The tertiary structure results from the integrity of the primary and secondary structures, producing a single monomeric protein. When multiple monomeric chains interact, they form a quaternary structure, an organized assembly of subunits.
PE stands for “Protein Existence in UniProt. It assigns a value from 1 to 5 to reflects the type of evidence supporting the existence of the protein:
PE=1: Evidence at protein level (direct protein sequencing or mass spectrometry). PE=2: Evidence at transcript level (mRNA data but no direct protein-level evidence). PE=3: Inferred from homology (similarity to proteins in other organisms). PE=4: Predicted (no experimental evidence, no strong homology evidence). PE=5: Uncertain (very little or contradictory evidence).
Pfam is a comprehensive database of protein families. Each protein is classified into one family or multiple families at the same time, based on the presence of conserved domains. In general each domain defines a family, and qualify the proteins to have some functionalities.
For example, PF00069 refers to protein-kinase domain. It is highly conserved region found in a vast array of proteins. These proteins are involved in various cellular processes. A protein kinase is an enzyme responsible for phosphorylation, that is the process of adding phosphates to proteins to regulate their functionality and creating a signal through the cell. At this point, structural conformation of target protein can be changed, and its activity would be modified. In this process, phosphates are sourced by ATP molecules.

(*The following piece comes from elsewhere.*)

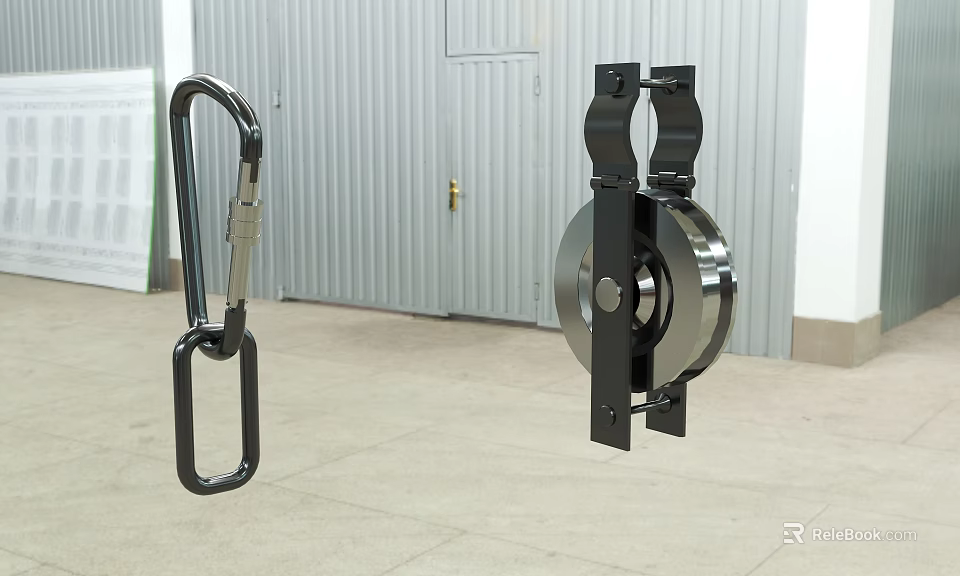 Industrial Metal Hook With Chain And Wheel Mechanical Part On Gray Floor 3d model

Protein kinases are categorized in same family group, but this does not mean that their primary amino-acid chains are completely same. In fact, they have quite different ordering of amino-acids in polypeptide chain with some subtle exceptions of motifs. To phosphorylate other molecules, all kinases have
-
ATP-binding motifs: It faciliates ATP binding and positioning for the phosphoryl transfer reaction, known as Walker-A motif or P-loop. It is capable of interacting with the phosphate groups of ATP. These motifs are generaly formed in G-x(4)-GK-[TS] pattern
-
Catalytic loop motif: It is HRD motif (Histidine-Arginine-Aspartic acid)
-
Activation loop motif: It is DFG motif (Aspartic acid-Phenylalanine-Glycine) to regulate kinase activity.